- [Assignment] Please copy every record below exactly, leaving out the pictures.

- [Supplied material]

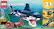 Alt View 12. LEGO - Creator 3in1 Deep Sea Creatures 31088.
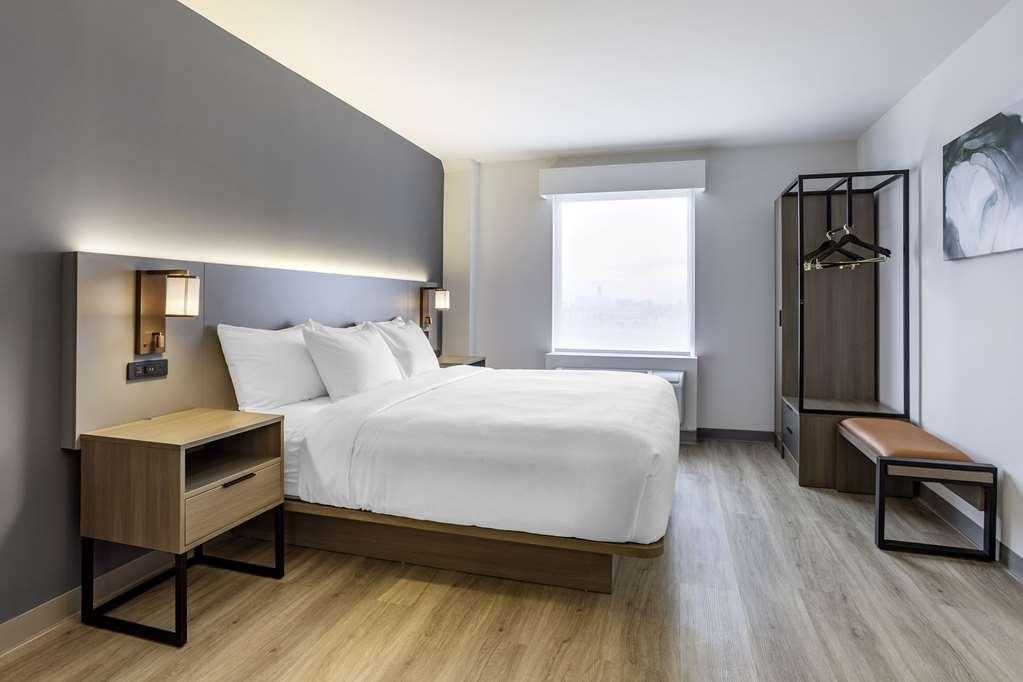 Comfort Inn & Suites Newark Liberty International Airport Kamer foto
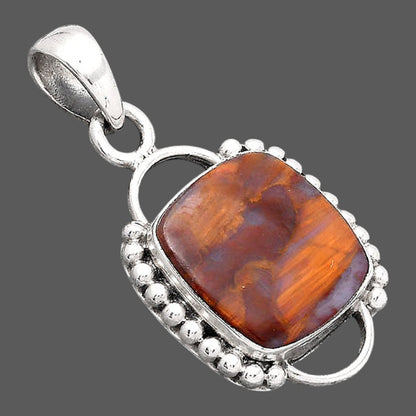Natural Pietersite - Namibia Pendant P-1639 SDP154888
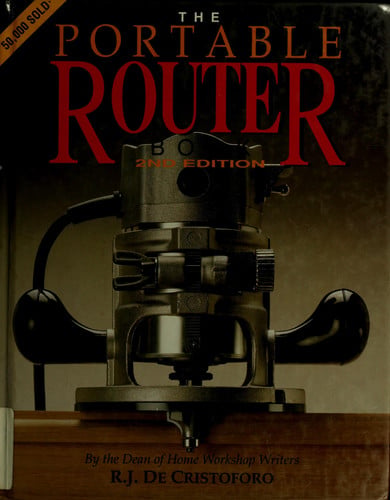 The Portable Router Book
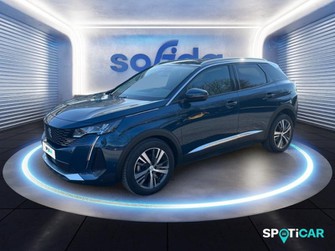 Photo Peugeot 3008 1.5 BlueHDi 130ch S&S Allure Pack EAT8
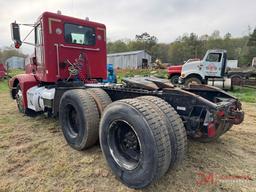 1992 PETERBILT377 DAY CAB TRUCK TRACTOR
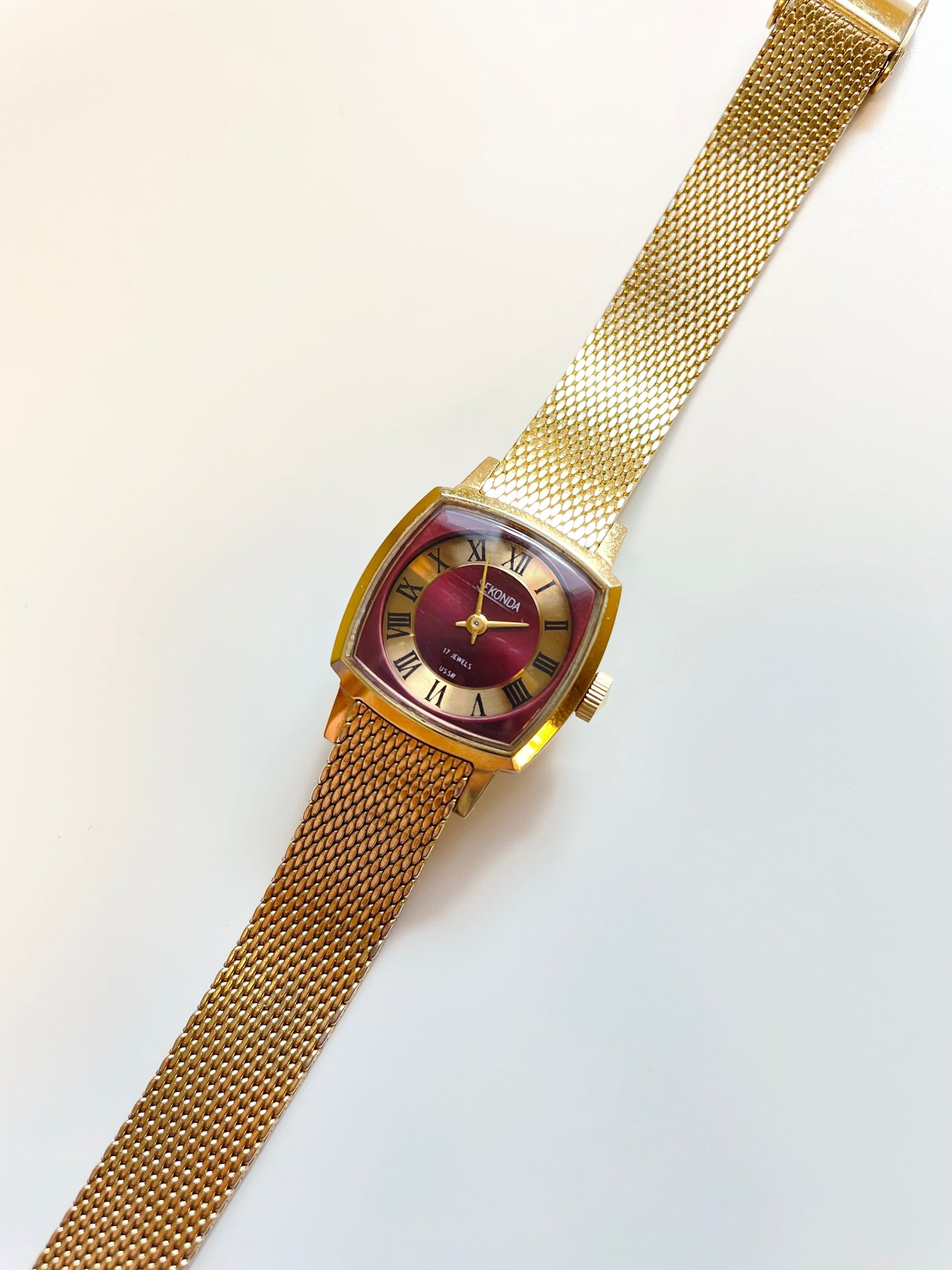 The Rosey Watch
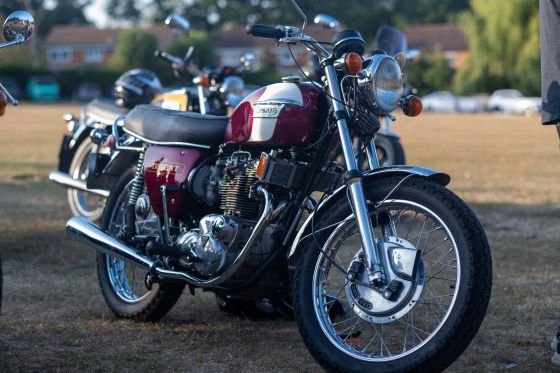 Oakley Bike Night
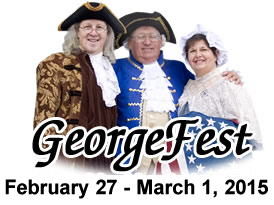 Georgefest 2014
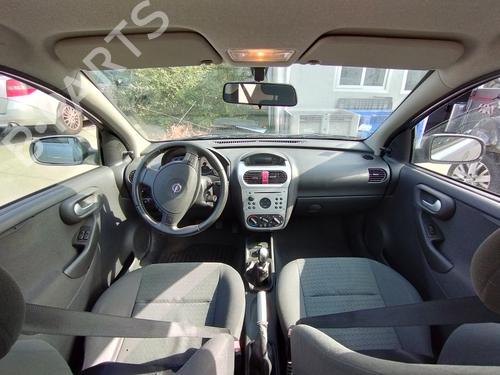 Electronic module OPEL CORSA C (X01) 1.7 DTI (F08, F68) | BP29550828M83 - Image 4
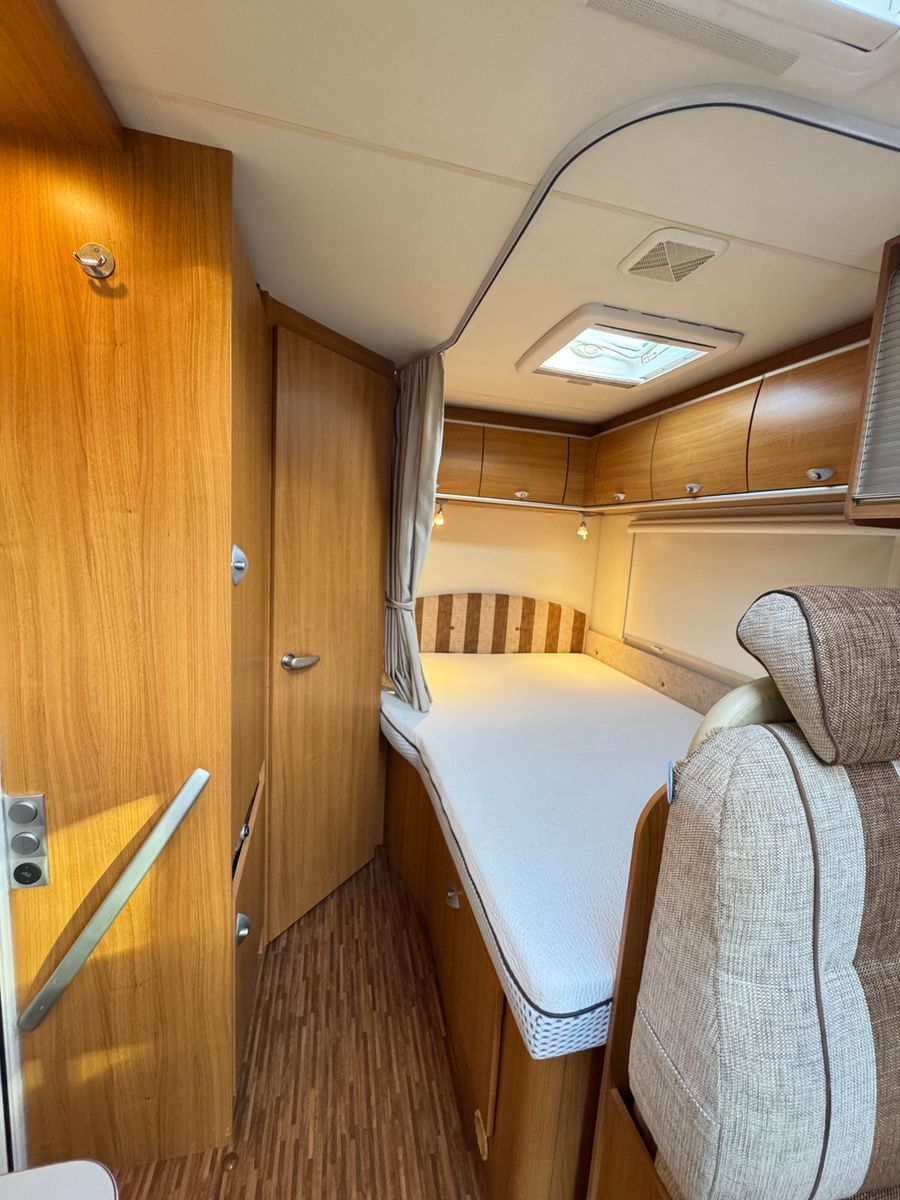 Fahrzeugabbildung Bürstner Nexxo T 569 FIAT DUCATO SOLAR TV VOLL SCHECKHEFT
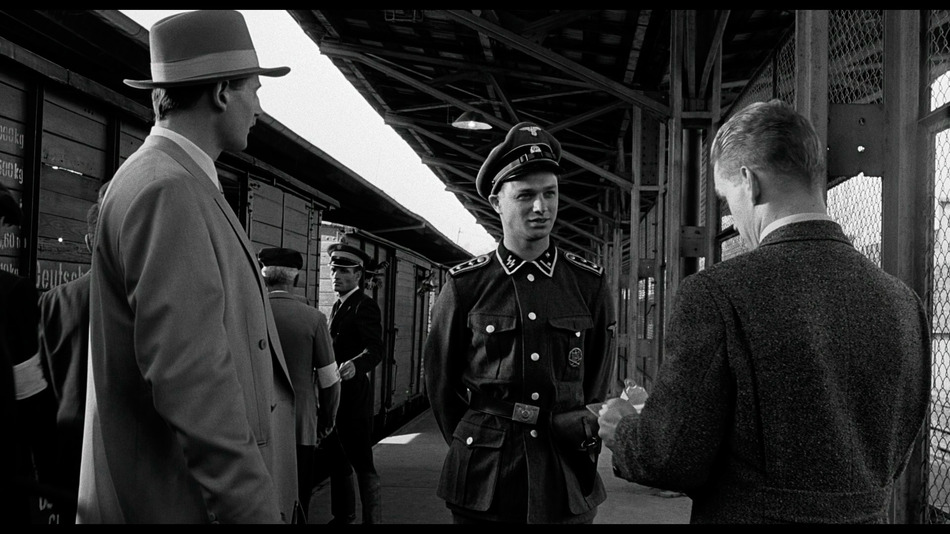 captura de imagen de La Lista de Schindler - Edición Definitiva Blu-ray - 10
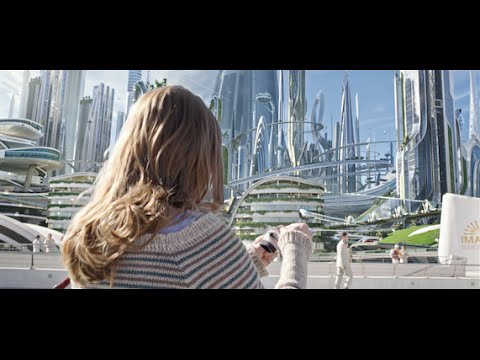 Disney&#039;s Tomorrowland - Official Trailer 3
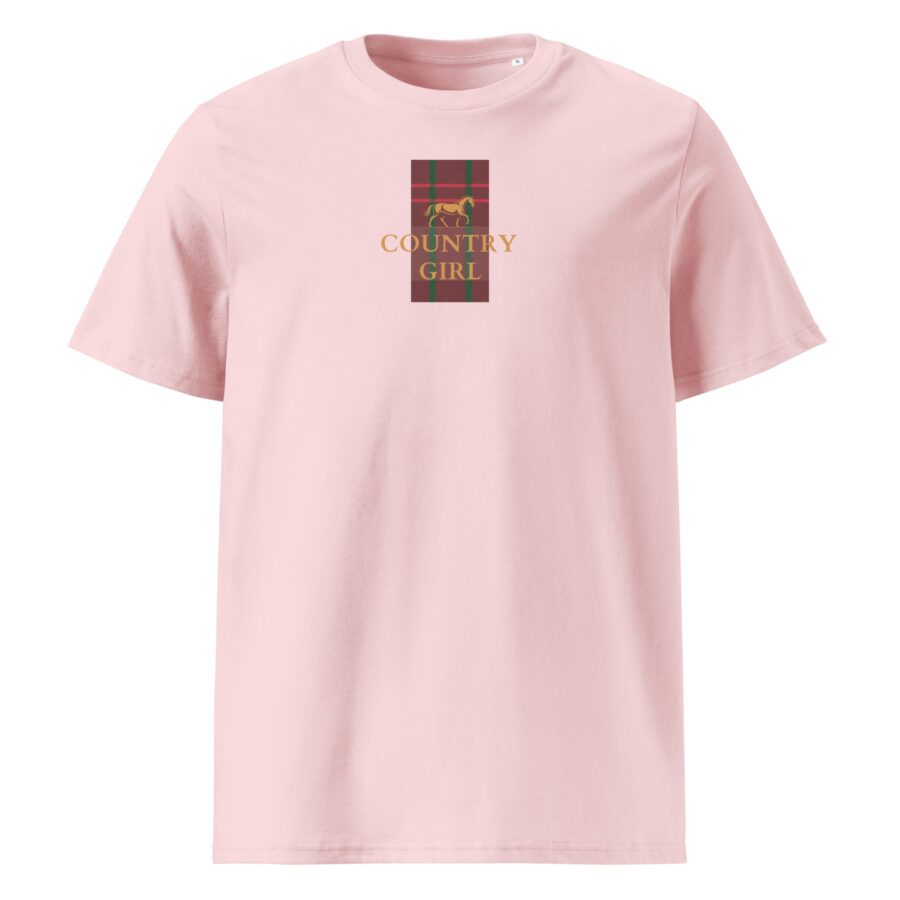 CG Tartan – Women's T-Shirt
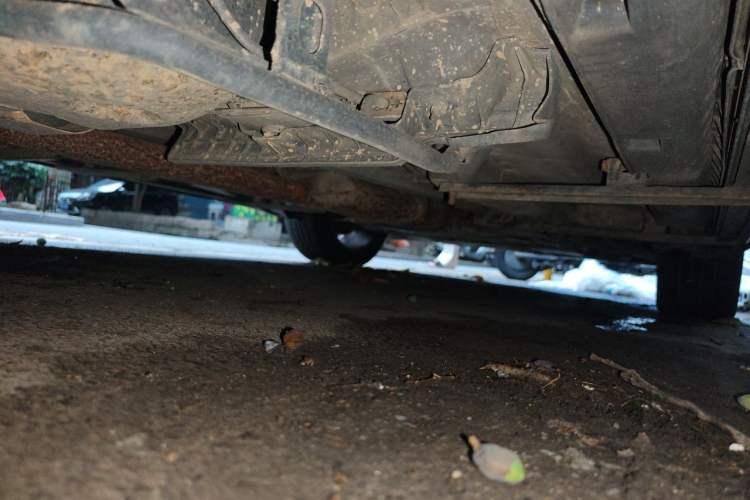 Used Buick Encore 2014 1.4T Automatic Two-Wheel Drive Urban Elite Model Chassis Front Right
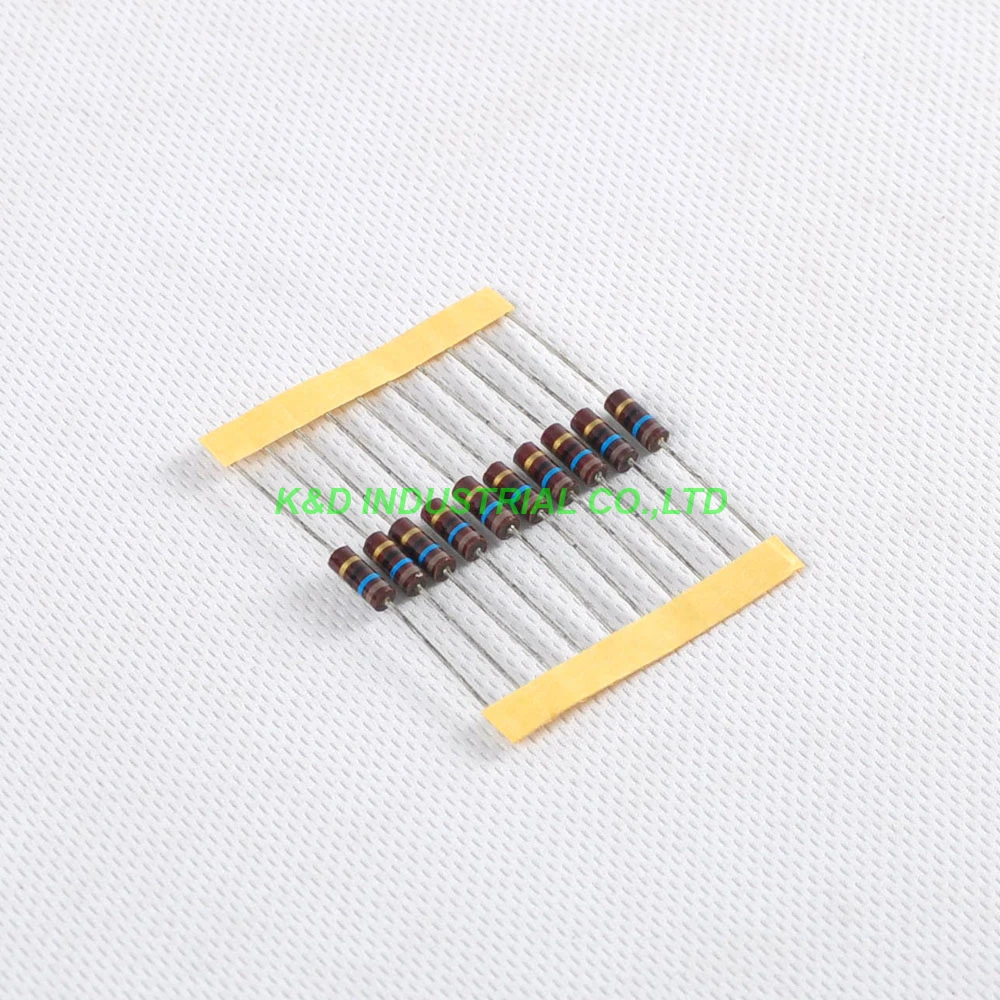 

10pcs Carbon Composition vintage Resistor 0.5W 16R ohm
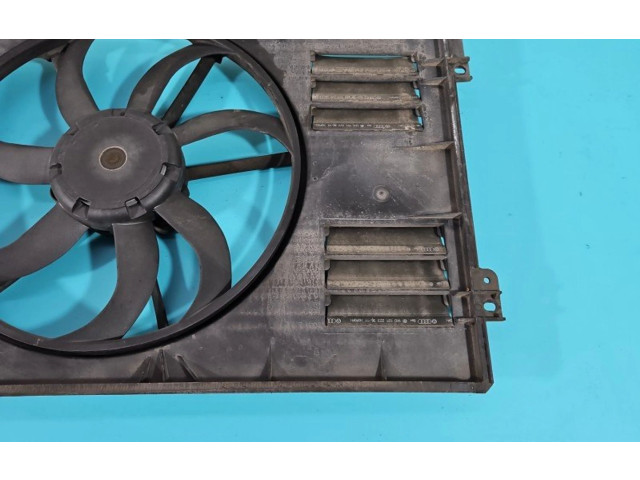 Комплект вентиляторов     1K0959455FB, IMPRK1375030    Skoda Superb B6 (3T) 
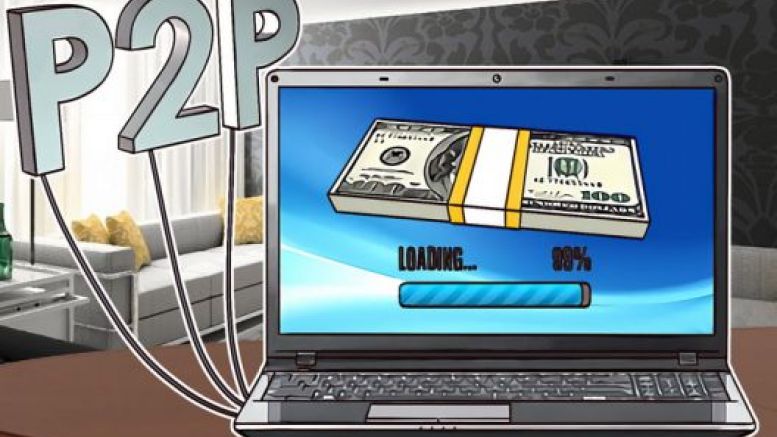 Latest FinTech Trend: Decentralized Blockchain Peer-to-Peer Lending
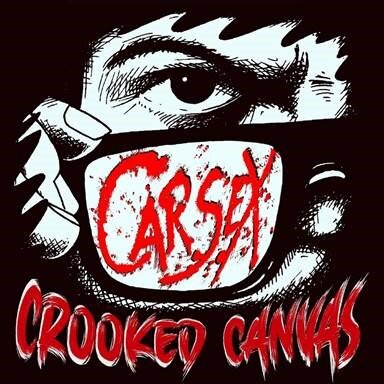 Carsex Share New Track/Video "Crooked Canvas"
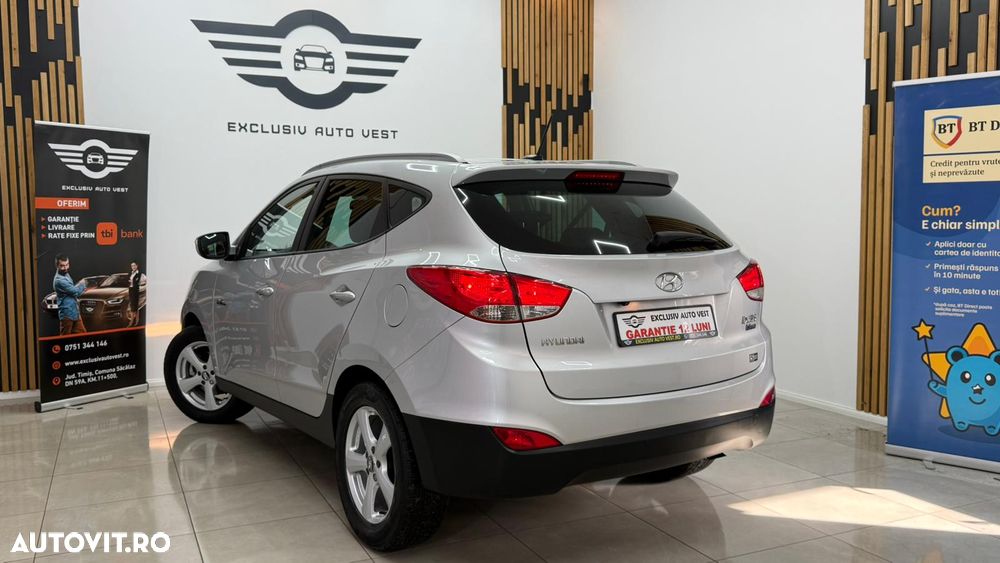 Hyundai ix35 1.6 GDi 2WD Comfort - 5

- [Task output]
 Alt View 12. LEGO - Creator 3in1 Deep Sea Creatures 31088.
 Comfort Inn & Suites Newark Liberty International Airport Kamer foto
Natural Pietersite - Namibia Pendant P-1639 SDP154888
 The Portable Router Book
 Photo Peugeot 3008 1.5 BlueHDi 130ch S&S Allure Pack EAT8
 1992 PETERBILT377 DAY CAB TRUCK TRACTOR
 The Rosey Watch
 Oakley Bike Night
 Georgefest 2014
 Electronic module OPEL CORSA C (X01) 1.7 DTI (F08, F68) | BP29550828M83 - Image 4
 Fahrzeugabbildung Bürstner Nexxo T 569 FIAT DUCATO SOLAR TV VOLL SCHECKHEFT
 captura de imagen de La Lista de Schindler - Edición Definitiva Blu-ray - 10
 Disney&#039;s Tomorrowland - Official Trailer 3
 CG Tartan – Women's T-Shirt
 Used Buick Encore 2014 1.4T Automatic Two-Wheel Drive Urban Elite Model Chassis Front Right

10pcs Carbon Composition vintage Resistor 0.5W 16R ohm
 Комплект вентиляторов     1K0959455FB, IMPRK1375030    Skoda Superb B6 (3T) 
 Latest FinTech Trend: Decentralized Blockchain Peer-to-Peer Lending
 Carsex Share New Track/Video "Crooked Canvas"
 Hyundai ix35 1.6 GDi 2WD Comfort - 5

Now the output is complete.